• _Task goal_
Reproduce all records below exactly.
━━━ Record excerpts ━━━
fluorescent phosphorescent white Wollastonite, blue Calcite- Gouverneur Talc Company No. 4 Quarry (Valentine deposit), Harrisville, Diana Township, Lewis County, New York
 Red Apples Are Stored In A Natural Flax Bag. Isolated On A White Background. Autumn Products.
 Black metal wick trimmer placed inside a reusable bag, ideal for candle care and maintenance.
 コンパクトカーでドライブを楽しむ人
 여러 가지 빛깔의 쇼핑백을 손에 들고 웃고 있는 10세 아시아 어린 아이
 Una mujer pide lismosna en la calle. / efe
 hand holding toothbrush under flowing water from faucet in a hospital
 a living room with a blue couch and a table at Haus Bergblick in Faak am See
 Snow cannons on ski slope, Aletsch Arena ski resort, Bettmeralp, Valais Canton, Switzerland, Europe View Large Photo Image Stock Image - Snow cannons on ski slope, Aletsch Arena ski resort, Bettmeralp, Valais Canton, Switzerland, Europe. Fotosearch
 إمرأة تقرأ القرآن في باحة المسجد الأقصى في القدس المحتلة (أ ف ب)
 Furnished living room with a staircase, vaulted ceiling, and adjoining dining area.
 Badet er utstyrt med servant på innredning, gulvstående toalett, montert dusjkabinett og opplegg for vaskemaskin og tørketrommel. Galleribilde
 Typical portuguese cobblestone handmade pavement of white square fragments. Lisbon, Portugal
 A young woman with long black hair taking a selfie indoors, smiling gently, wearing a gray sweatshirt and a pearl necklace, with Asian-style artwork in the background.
━━━
• _Reply_
fluorescent phosphorescent white Wollastonite, blue Calcite- Gouverneur Talc Company No. 4 Quarry (Valentine deposit), Harrisville, Diana Township, Lewis County, New York
 Red Apples Are Stored In A Natural Flax Bag. Isolated On A White Background. Autumn Products.
 Black metal wick trimmer placed inside a reusable bag, ideal for candle care and maintenance.
 コンパクトカーでドライブを楽しむ人
 여러 가지 빛깔의 쇼핑백을 손에 들고 웃고 있는 10세 아시아 어린 아이
 Una mujer pide lismosna en la calle. / efe
 hand holding toothbrush under flowing water from faucet in a hospital
 a living room with a blue couch and a table at Haus Bergblick in Faak am See
 Snow cannons on ski slope, Aletsch Arena ski resort, Bettmeralp, Valais Canton, Switzerland, Europe View Large Photo Image Stock Image - Snow cannons on ski slope, Aletsch Arena ski resort, Bettmeralp, Valais Canton, Switzerland, Europe. Fotosearch
 إمرأة تقرأ القرآن في باحة المسجد الأقصى في القدس المحتلة (أ ف ب)
 Furnished living room with a staircase, vaulted ceiling, and adjoining dining area.
 Badet er utstyrt med servant på innredning, gulvstående toalett, montert dusjkabinett og opplegg for vaskemaskin og tørketrommel. Galleribilde
 Typical portuguese cobblestone handmade pavement of white square fragments. Lisbon, Portugal
 A young woman with long black hair taking a selfie indoors, smiling gently, wearing a gray sweatshirt and a pearl necklace, with Asian-style artwork in the background.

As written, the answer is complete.